- [How to complete this task] An exact copy of every entry is needed, with no images.

Caption-style text data:
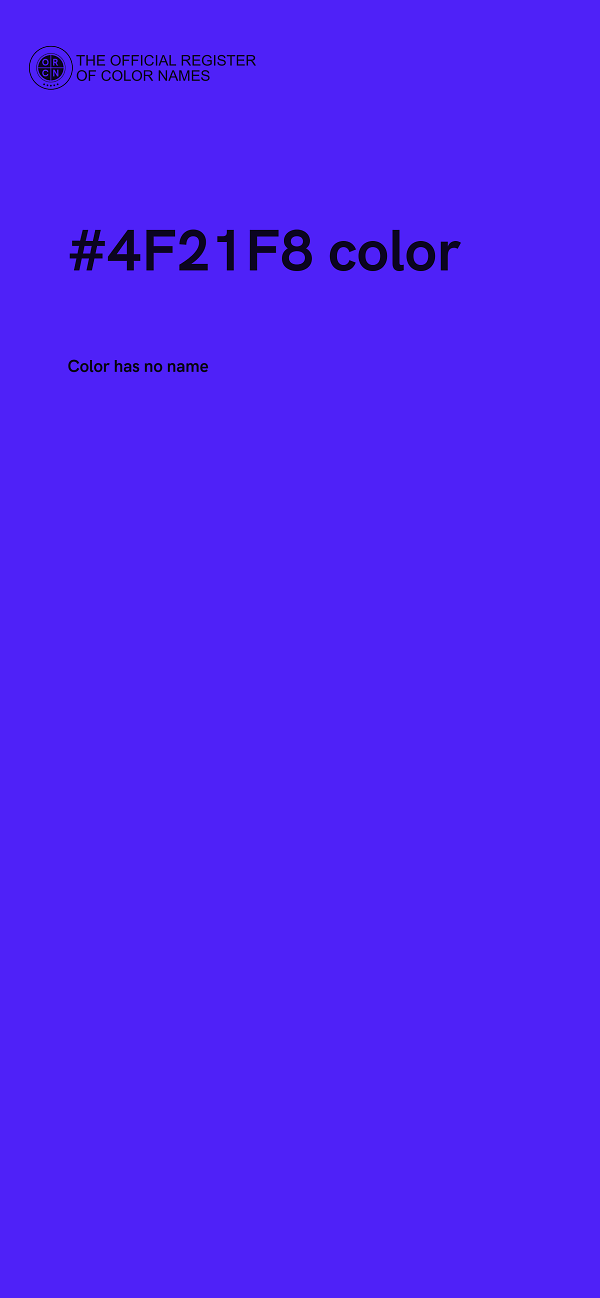 #4F21F8 color image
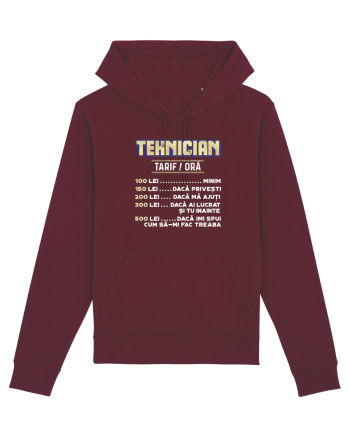 Tehnician Burgundy
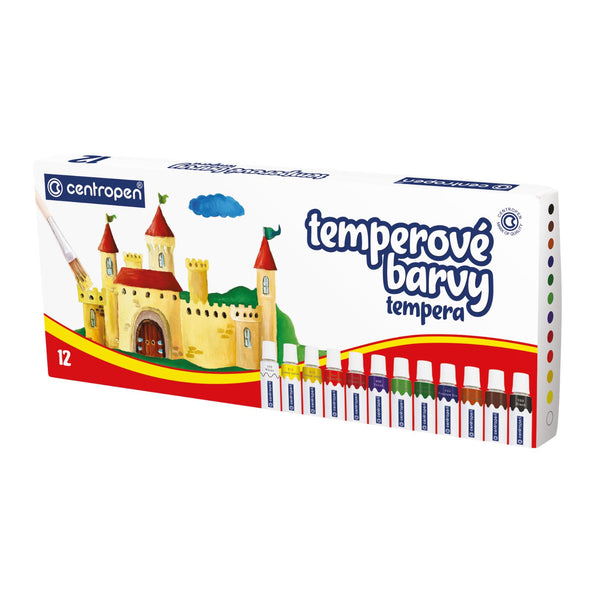 Temperové farby 12 farieb – 12 ml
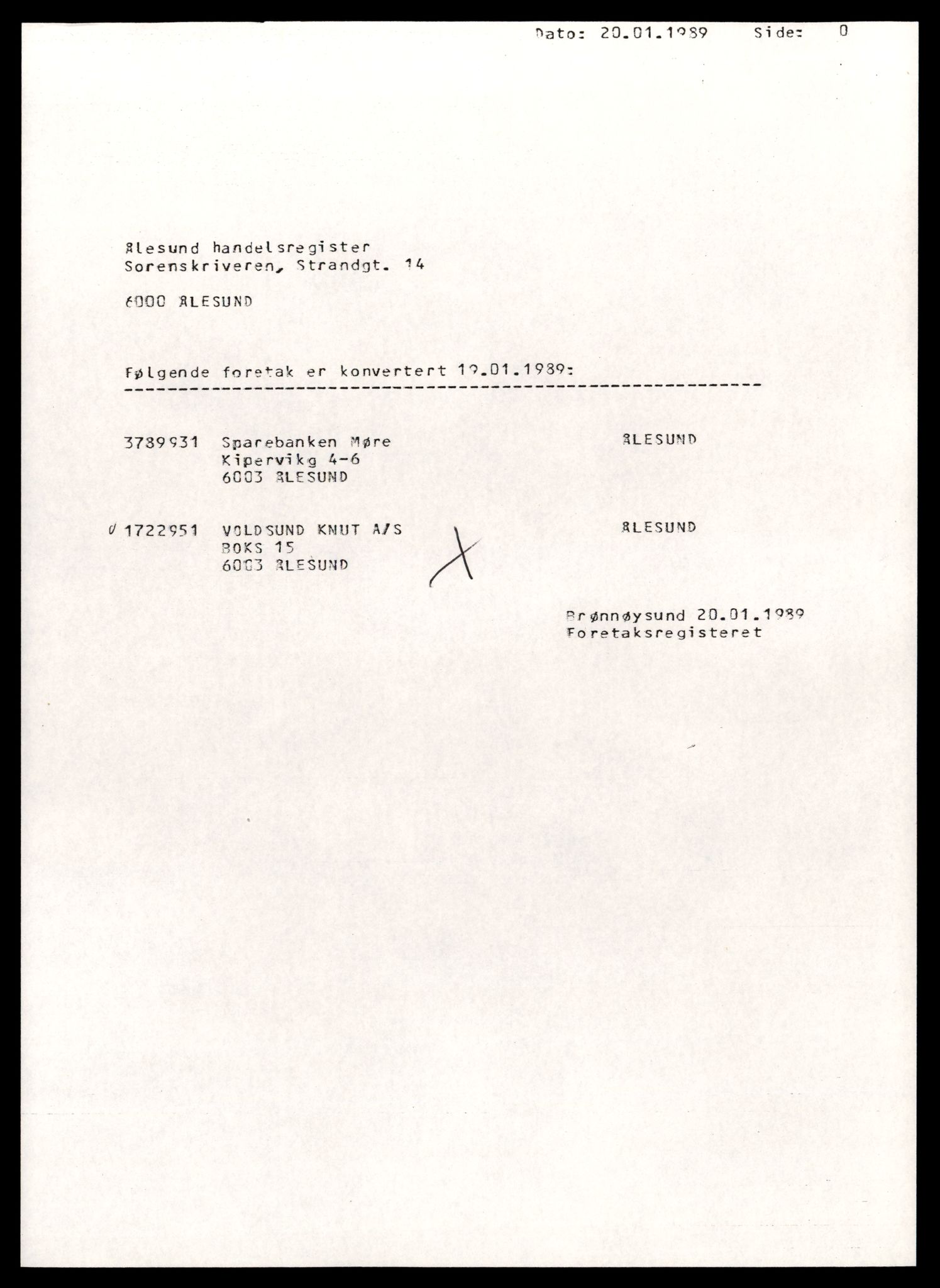 Ålesund sorenskriveri, AV/SAT-A-4383/2/J/Jd/Jde/L0076: Bilag. Aksjeselskap og andelslag Vo - West N, 1927-1989, p. 3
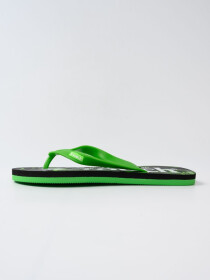 Unisex Green & Black Comfort Flip Flop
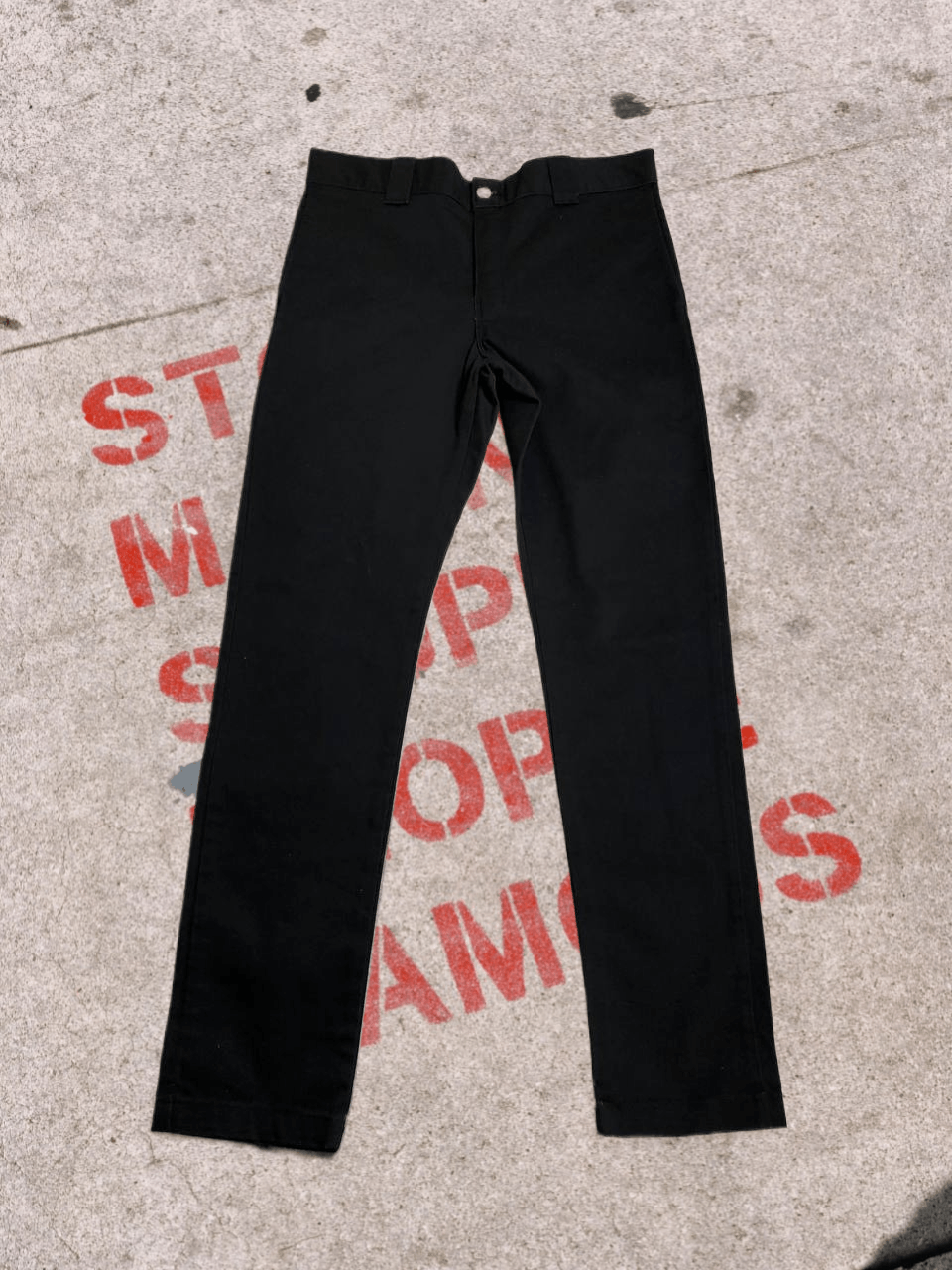 Dickies Dickies Skinny Straight Work Pants Size US 34 / EU 50 - 1 Thumbnail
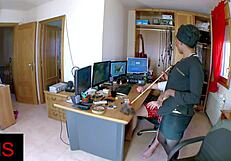 Black milf cougar gets pussy and ass fucked doggystyle cowgirl with interracial cum swallow rimjob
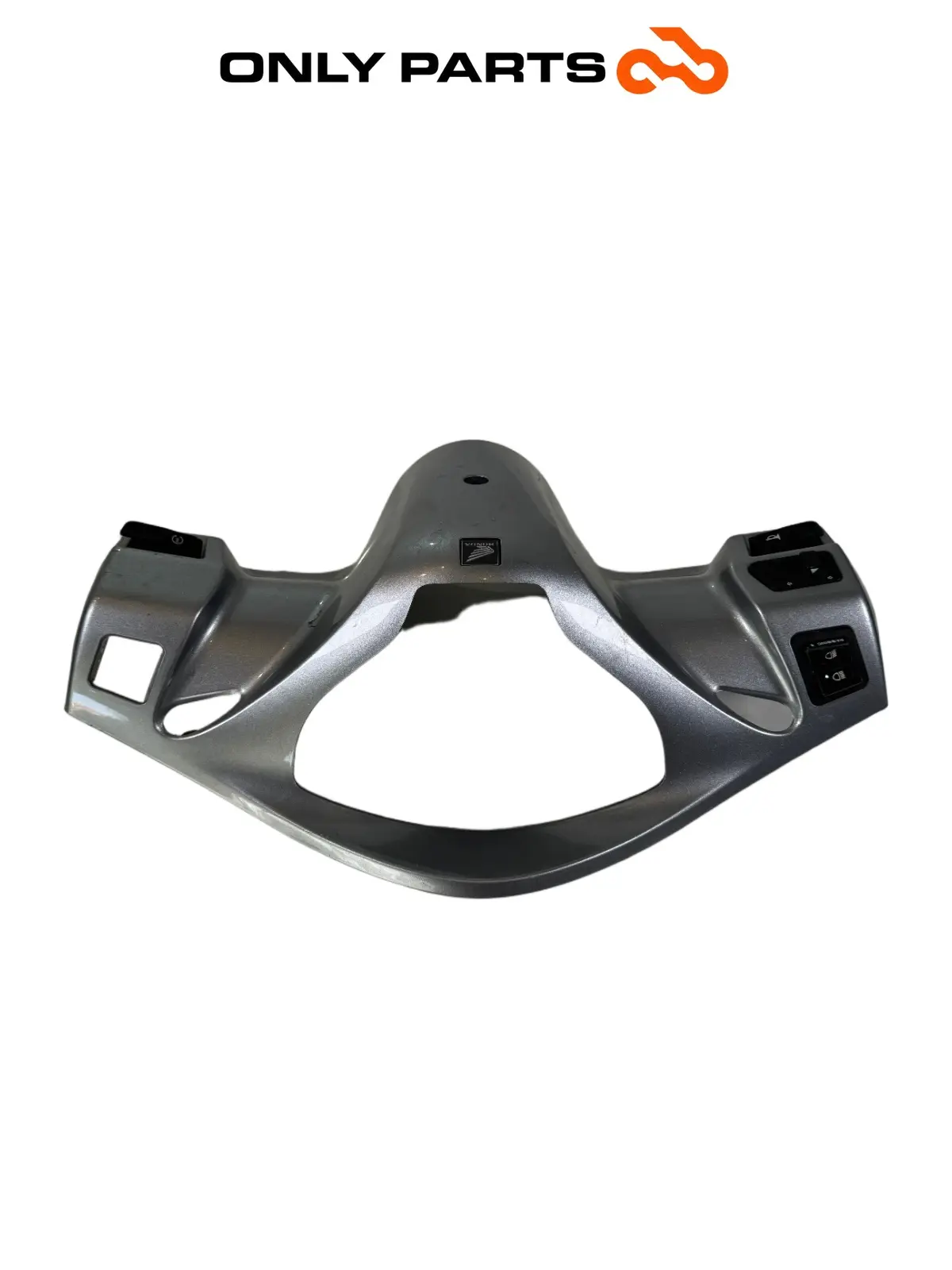 Cornice cruscotto cover strumentazione Honda SH 300i 2008 Grigio usato — foto reale 2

- [Output for this exercise]
 #4F21F8 color image
 Tehnician Burgundy
 Temperové farby 12 farieb – 12 ml
 Ålesund sorenskriveri, AV/SAT-A-4383/2/J/Jd/Jde/L0076: Bilag. Aksjeselskap og andelslag Vo - West N, 1927-1989, p. 3
 Unisex Green & Black Comfort Flip Flop
 Dickies Dickies Skinny Straight Work Pants Size US 34 / EU 50 - 1 Thumbnail
 Black milf cougar gets pussy and ass fucked doggystyle cowgirl with interracial cum swallow rimjob
 Cornice cruscotto cover strumentazione Honda SH 300i 2008 Grigio usato — foto reale 2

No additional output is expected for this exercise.